UNE NARRATION POST-MODERNE

Raconter une histoire de cette manière, à travers plusieurs flashbacks livrant chacun une vérité différente, est résolument avant-gardiste à l’époque de la sortie du film, au début des années 50. Cette structure a été ensuite été copiée de nombreuses fois, ouvrant la voie à une nouvelle forme de narration au cinéma. Le spectateur, habitué à croire à l’époque que tout ce que filme la caméra est forcément réel dans l’histoire, est ici amené à s’interroger sur sa propre vision des choses, sur sa manière d’appréhender ce qu’est la “réalité”.

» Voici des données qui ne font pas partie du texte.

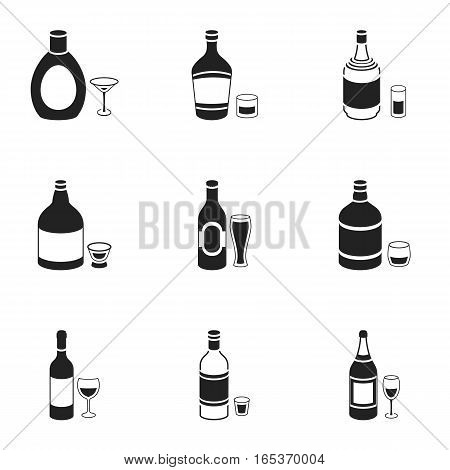 Alcohol set icons in black style. Big collection of alcohol vector symbol stock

Techniquement, Kurosawa prend des risques et tente d’apporter un nouveau souffle à la mise en scène, devenant par exemple un des pionniers de la caméra à l’épaule. Cette dernière, suivant régulièrement les personnages à travers la forêt, immerge complètement le spectateur dans cette tragique histoire de viol et de meurtre.

UN CINÉASTE MINUTIEUX

Le japonais était très méticuleux sur le tournage, tenant à ce que sa vision soit parfaitement retranscrite, allant jusqu’à travailler des heures pour que l’ombre d’une feuille soit sur la bonne partie du visage de l’acteur. Lors des scènes dans la forêt, les arbres cachaient tellement la lumière du soleil qu’il était très compliqué d’obtenir des images bien éclairées. Kurosawa et son directeur de la photographie, Kazuo Miyagawa, ont eu l’idée de réfléchir les rayons du soleil à travers des miroirs au lieu de déflecteurs en aluminium.

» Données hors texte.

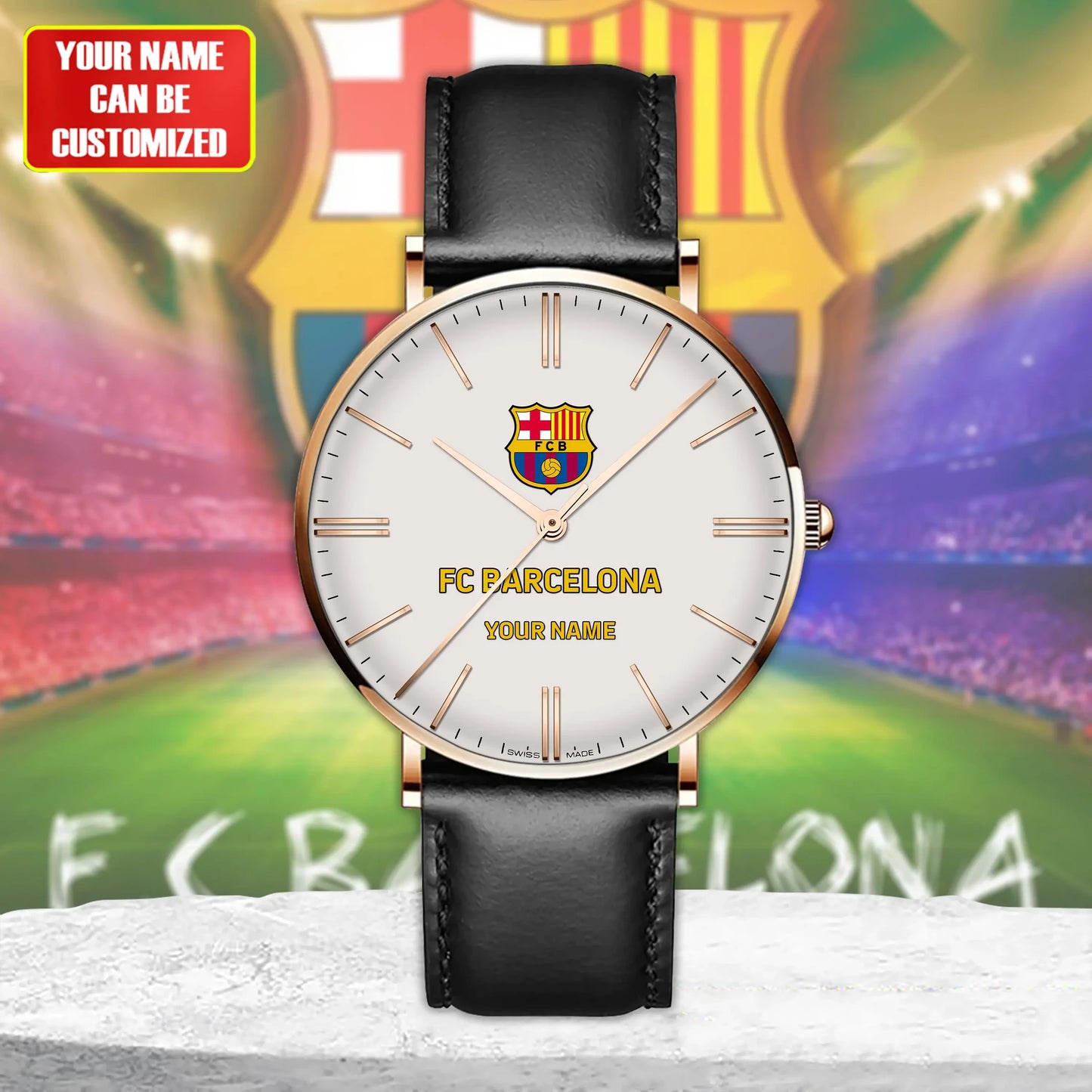 Personalized Barcelona FC Quartz Leather Watch P161101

Placés à des endroits stratégiques entre les feuilles des arbres, les miroirs reflétaient parfaitement la lumière du soleil, créant l’atmosphère naturelle souhaitée par Kurosawa. Plus tard, Miyagawa racontera que ces effets de lumière ont été de loin les plus élaborés qu’il ait dû réaliser.

Le long-métrage comprend également plusieurs scènes à la porte de Rashômon, balayée par une pluie diluvienne. Akira Kurosawa trouvait que les gouttes de pluie n’étaient pas assez visibles à l’écran, notamment dans le décor de fond. L’équipe du film a alors eu l’idée d’inclure de l’encre noir dans la machine qui générait la pluie artificielle afin de rendre celle-ci bien plus visible. On peut notamment voir cet encre couler très distinctement sur le visage du bûcheron à la fin du film. À noter que le vent et les précipitations ont souvent été utilisés par le réalisateur pour symboliser les angoisses et souffrances des personnages.

Après Rashômon, Akira Kurosawa enchaînera avec la mise en scène d’un autre chef-d’oeuvre marquant, Les 7 Samouraïs (1954), toujours avec Toshirô Mifune dans le rôle-titre.